6歳からストリートダンスをはじめ、数々の全国大会に出場。振付師の日本最高峰の大会で自身が手掛けた振り付けで準優勝した経験を持つ石原さん。ダンス一筋の人生を振り返る中で教育分野への課題に気づきNPO法人を起ち上げた経緯や今後の展望について伺いました。
ダンス一筋が一転、ダンスを辞め受験勉強に打ち込む
ーまずはじめに、自己紹介をお願いします。
はじめまして、石原直弥です。愛知県を中心に活動するNPO法人「Grow&Leap」で中学生・高校生に向けたキャリア支援をしています。
一般的な職業教育やキャリアの斡旋とは異なり、過去幼いころに経験した現体験を言語化して振り返りながら、自分自身のやりたいことを見出していく取り組みをおこなっています。
ーなぜ中高生に向けたキャリア支援をはじめようと思ったのですか?
僕自身が大学生の頃に進路に悩んだことが影響しています。受験勉強を頑張って大学に入学したものの、いざ入学してみるとやりたいことがわからない。その原因を考えたときに、中高校生のキャリア教育がその後の人生に大きな影響を与えるのではないかと感じたんです。
小学校で学んだ教育は中学校だけでなく、高校や大学へつながっていく。教育はひと続きであると考え、中高生向けのキャリア教育に関心を持つようになりました。
ーGrow&Leapのミッションや活動内容、法人の想いを教えてください。
Grow&Leapのミッションは「個性を活かす、世界が輝く。」です。誰かとのコミュニケーションやコミュニティなどいろいろな場において、お互いの個性を活かしあいお互いを尊重できる社会を目指しています。
「個性」というと何か秀でているとか、他の人と比べてできるとか得意なことがイメージされやすいですが、Grow&Leapでは、過去に歩んできた人生の中でいろいろなものを見て触れて感じたことそのものがその人の個性になると考えています。
主力事業は、中高生を対象にした長期的なキャリアデザインプログラム「My Story Project」。メンターと呼ばれる学生や社会人が、受講生たちに寄り添いながらやりたいことを引き出していくマンツーマンの対話形式が特長です。
6か月間のプログラムを通して、やりたいことがわからなかった状態からやりたいことを見つけて個性を磨いていきます。
ーここからは石原さんの幼少期を振り返ってお話を伺います。子どもの頃にダンスを始めたそうですね?

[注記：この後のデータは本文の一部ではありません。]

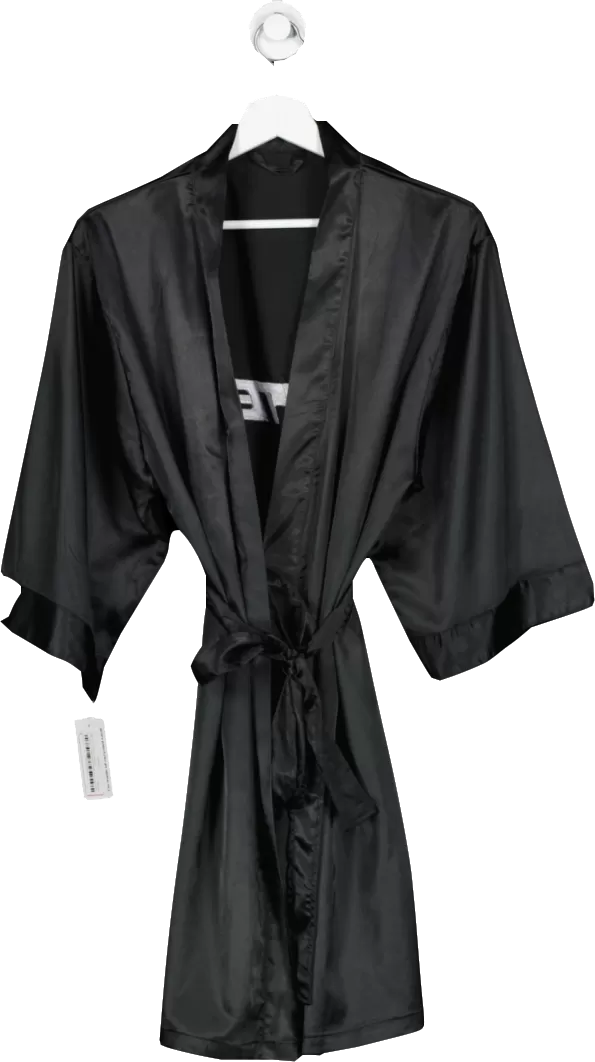 Bo   Tee Black Satin Robe One Size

6歳から兄の影響でダンスを始めました。自分でやりたいと言って始めたものの最初はそこまでやる気がなくて。レッスン中に寝てしまい外に出されたこともありました(笑)。
6年間はグループレッスンを受けていたのですが、中学生に上がるタイミングで、僕が主体的にダンスに取り込まなかった姿を見かねた親からダンスを続けるかやめるかの選択を迫られたんです。
ダンスは、続けるのにお金も時間もかかるもの。もしここでダンスを辞めたら今までの6年間が無駄になるし何かに負けるような気もして、厳しい個別指導の先生につくことを決めました。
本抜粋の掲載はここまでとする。